Common tools for MLOps

Project description

Caketool

A Python MLOps toolkit for common machine learning and data science workflows. Provides EDA, feature engineering, model training, explainability, experiment tracking, model monitoring, calibration, and metrics — all designed for production-ready ML pipelines.


Installation

# Core (pandas, numpy, sklearn, xgboost)
pip install caketool

# With MLflow support
pip install "caketool[onprem]"

# With Google Cloud (Vertex AI, BigQuery)
pip install "caketool[gcp]"

# Everything
pip install "caketool[all]"

Quick Start

EDA

from caketool import eda

# Dataset overview
eda.profile(df)
eda.plot_correlations(df)

# Univariate
eda.plot_numeric_distribution(df["age"])
eda.plot_categorical_frequency(df["category"])

# Bivariate
eda.plot_scatter(df, x="income", y="spend", color_by="segment")
eda.plot_distribution_by_group(df, cat_col="segment", num_col="income", mode="box")

Feature Generation

from caketool.feature import generate_features_by_window

result = generate_features_by_window(
    df,
    client_id_col="user_id",
    report_date_col="event_date",
    fs_event_timestamp="snapshot_date",
    numeric_cols=("amount", "balance"),
    string_cols=("category",),
    boolean_cols=("is_active",),
    lookback_days=(0, 7, 30),   # 0 = lifetime
    backend="pandas",           # "pandas" | "polars" | "spark" | "bigframes"
)

Model Training

from caketool.model import BoostTree

model = BoostTree()
model.fit(X_train, y_train, eval_set=[(X_val, y_val)])
proba = model.predict_proba(X_test)[:, 1]
importance = model.get_feature_importance()

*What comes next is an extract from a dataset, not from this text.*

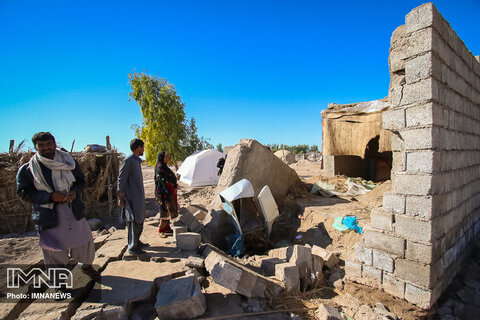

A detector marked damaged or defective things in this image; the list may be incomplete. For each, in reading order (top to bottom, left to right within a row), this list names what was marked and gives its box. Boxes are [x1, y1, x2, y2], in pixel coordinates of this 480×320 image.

broken concrete slab [176, 231, 201, 251]
broken concrete slab [155, 274, 205, 318]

Out-of-Fold Cross-Validation

from caketool.model import BoostTree, EnsembleBoostTree

models, oof_preds, oof_labels = BoostTree.fit_oof(X_train, y_train, n_splits=5)
ensemble = EnsembleBoostTree(models)
proba = ensemble.predict_proba(X_test)[:, 1]

Explainability

from caketool.explainability import PermutationExplainer

explainer = PermutationExplainer(model=model)
explainer.fit(X_test)

# Global feature importance
importance = explainer.get_feature_importance()

# Local explanation for a single sample
local = explainer.get_local_explanation(row_index=0)

# Visualize
explainer.show_summary()
explainer.show_waterfall(row_index=0)
explainer.show_dependence(feature="income")

Score Calibration

from caketool.calibration import calibrate_score_to_normal

calibrated = calibrate_score_to_normal(raw_scores, standard=False)

Metrics

from caketool.metric import gini, psi

print(gini(y_true, y_pred))          # Gini coefficient
print(psi(expected, actual))          # Population Stability Index

Risk Report

from caketool.report import decribe_risk_score

report = decribe_risk_score(score_df, pred_col="score", label_col="label")

Drift Detection

from caketool.monitor import AdversarialModel

model = AdversarialModel()
model.fit(reference_df, current_df)
model.show()    # prints ROC AUC and top important features

Experiment Tracking

from caketool.experiment import create_tracker

# MLflow
with create_tracker("mlflow", experiment_name="my-exp", run_name="run-001") as tracker:
    tracker.log_params({"lr": 0.01, "depth": 6})
    tracker.log_metrics({"gini": 0.72})
    tracker.log_pickle(model, "model")

# Vertex AI
with create_tracker("vertex_ai", experiment_name="my-exp", run_name="run-001",
                    project="my-gcp-project", location="us-central1",
                    bucket_name="my-bucket") as tracker:
    tracker.log_params({"lr": 0.01})

API Overview

Module Key exports Description
caketool.eda profile, plot_correlations, plot_scatter, plot_distribution_by_group, rank_associations Exploratory data analysis with Plotly
caketool.feature generate_features_by_window Multi-backend aggregated feature engineering
caketool.model BoostTree, EnsembleBoostTree, VotingModel XGBoost training & ensemble
caketool.model FeatureEncoder, FeatureRemover, ColinearFeatureRemover, UnivariateFeatureRemover, InfinityHandler sklearn-compatible preprocessing transformers
caketool.explainability PermutationExplainer SHAP-based model-agnostic explainability
caketool.calibration calibrate_score_to_normal Normal distribution score calibration
caketool.metric gini, psi, psi_from_distribution Classification and stability metrics
caketool.report decribe_risk_score Risk score band report
caketool.monitor AdversarialModel Dataset drift detection
caketool.experiment create_tracker, MLflowTracker, VertexAITracker Experiment tracking abstraction

Development

conda create -n caketool python=3.10
conda activate caketool
pip-compile pyproject.toml --all-extras
pip install -e ".[dev,all]"
pre-commit install

Linting

Pre-commit hooks run ruff automatically on commit. To run manually:

ruff check src/ tests/ --fix  # Lint and auto-fix
ruff format src/ tests/        # Format code
pre-commit run --all-files     # Run all hooks

Tests

pytest tests/ -v --tb=short

Docs

pip install -e ".[docs]"
pdoc src/caketool   # Preview at http://localhost:8080

Docs are published automatically to GitHub Pages when a version tag is pushed.


Publishing

Version is automatically derived from git tags via setuptools-scm.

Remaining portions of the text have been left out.